Concerning the Tribes

BY Herschel Smith
2 years, 3 months ago

Marc Lynch and Nibras Kazimi are in a bit of a tiff – I suppose – over some extremely detailed and nuanced views concerning the replacement for the now deceased sheikh Abdul Sattar Abu Reesha, his brother Ahmed Abu Reesha, now leader of the so-called “awakening” in Anbar.  I won’t dive into Marc’s discussion, and I recommend that both articles be studied by the reader.  I am fond of Kazimi’s analyses and believe him to be a smart and savvy Iraq analyst.  But there is one issue I want briefly to tackle that keeps coming up in articles, discussion threads here and elsewhere, comments here and elsewhere, and verbal debates.  It is the issue of the tribes.

Kazimi clearly is jealous for the idea that the tribes must be considered ad hoc societal building blocks, and are a throwback to medieval times.  In this most recent article he says concerning Ahmed Reesha that his:

… primary point was that the tribes were not a substitute for the state, rather their goal in the Awakening Council was to fortify the institutions of the state.
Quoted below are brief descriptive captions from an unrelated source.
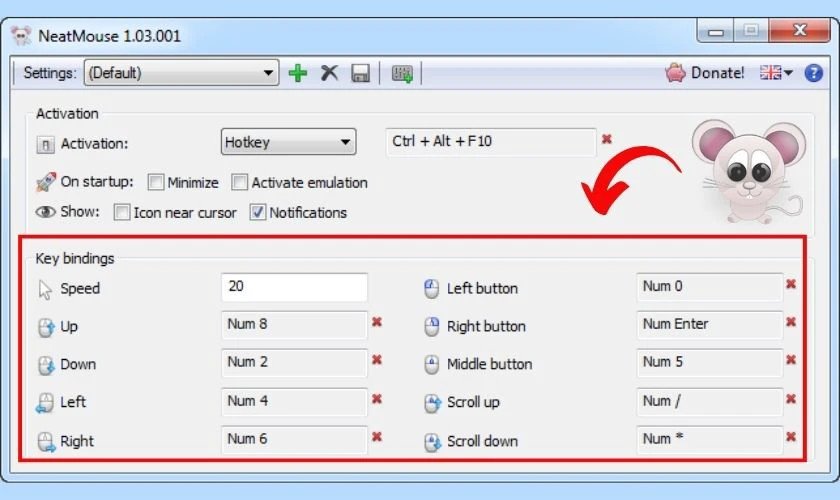 Giao diện phần mềm NeatMouse hỗ trợ điều khiển con trỏ chuột bằng bàn phím trên laptop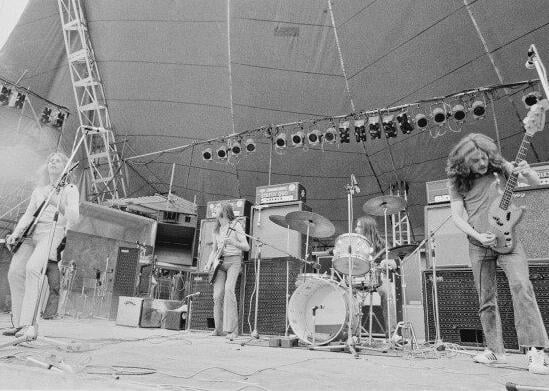 Iconic rock group Status Quo. Left to right: Rick Parfitt, Francis Rossi, John Coughlan and Alan Lancaster. (Photo by Michael Putland/Getty Images)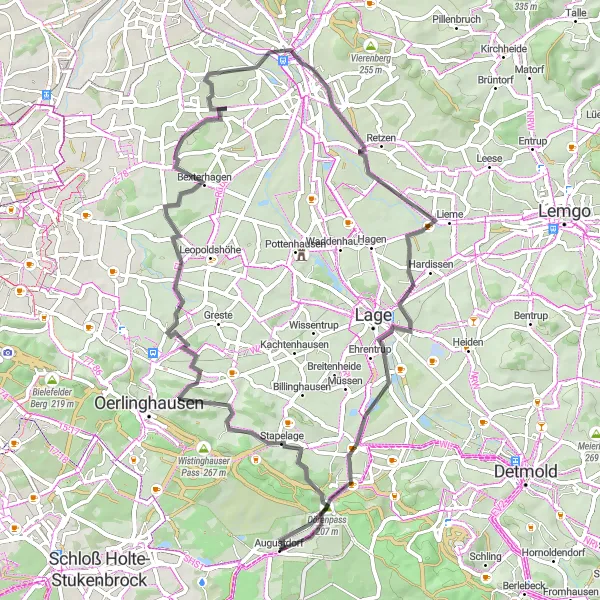 Map miniature of "Picturesque Road Cycling Tour" cycling inspiration in Detmold, Germany. Generated by Tarmacs.app cycling route planner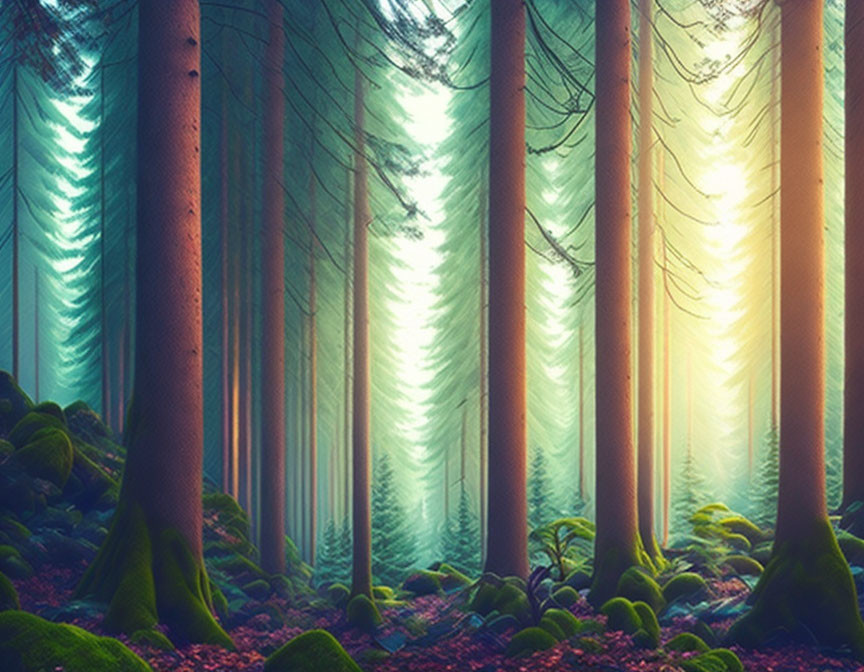 Enchanting forest scene: tall trees, soft haze, sunlight filtering through mist.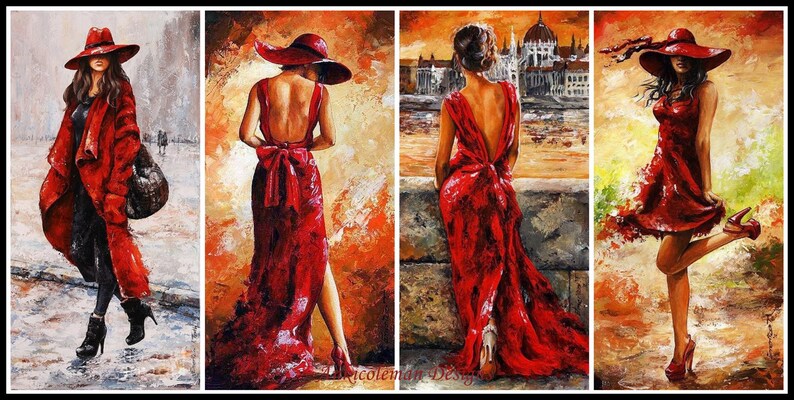 Counted Cross Stitch Patterns Printable Chart PDF Format Needlework Embroidery Crafts DIY DMC color Lady in Red 5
The tribal role aims to nominate young men for the Iraqi Army and the security services, much like a pillar of civil society augmenting the performance of the state. But rather than dwell on military bluster and how they managed to fight Al-Qaeda in Anbar Province, Sheikh Abu Risha was more interested in talking about economics: he wanted the state’s help in creating jobs, in re-invigorating the province’s industries and in re-building what had been destroyed.

This echoes his earlier observation that “Sunnis should be encouraged to throw in their lot with the New Iraq, rather than falling back into the tribal identities of Iraq’s past.”  Kazimi has taken issue with the Multinational Force handling of the tribes, saying that the planning:

 … gives tribes too much authority over the individual, and apparently uses outlandish claims from tribal leaders themselves keen on promoting their own importance. It is one thing to be proud of one’s tribe—I take pride in being a Nakha’i—but it’s a whole different matter to take orders from one’s nominal tribal sheikh. These social structures have been fraying under the myriad forces of sedentarization, urbanization, nation states, sectarianism, land reform and dictatorship to the point where tribal sheikhs are now rendered a quaint, “savage” aristocracy that the men in power—now wearing Western suits—would tolerate and do small favors for.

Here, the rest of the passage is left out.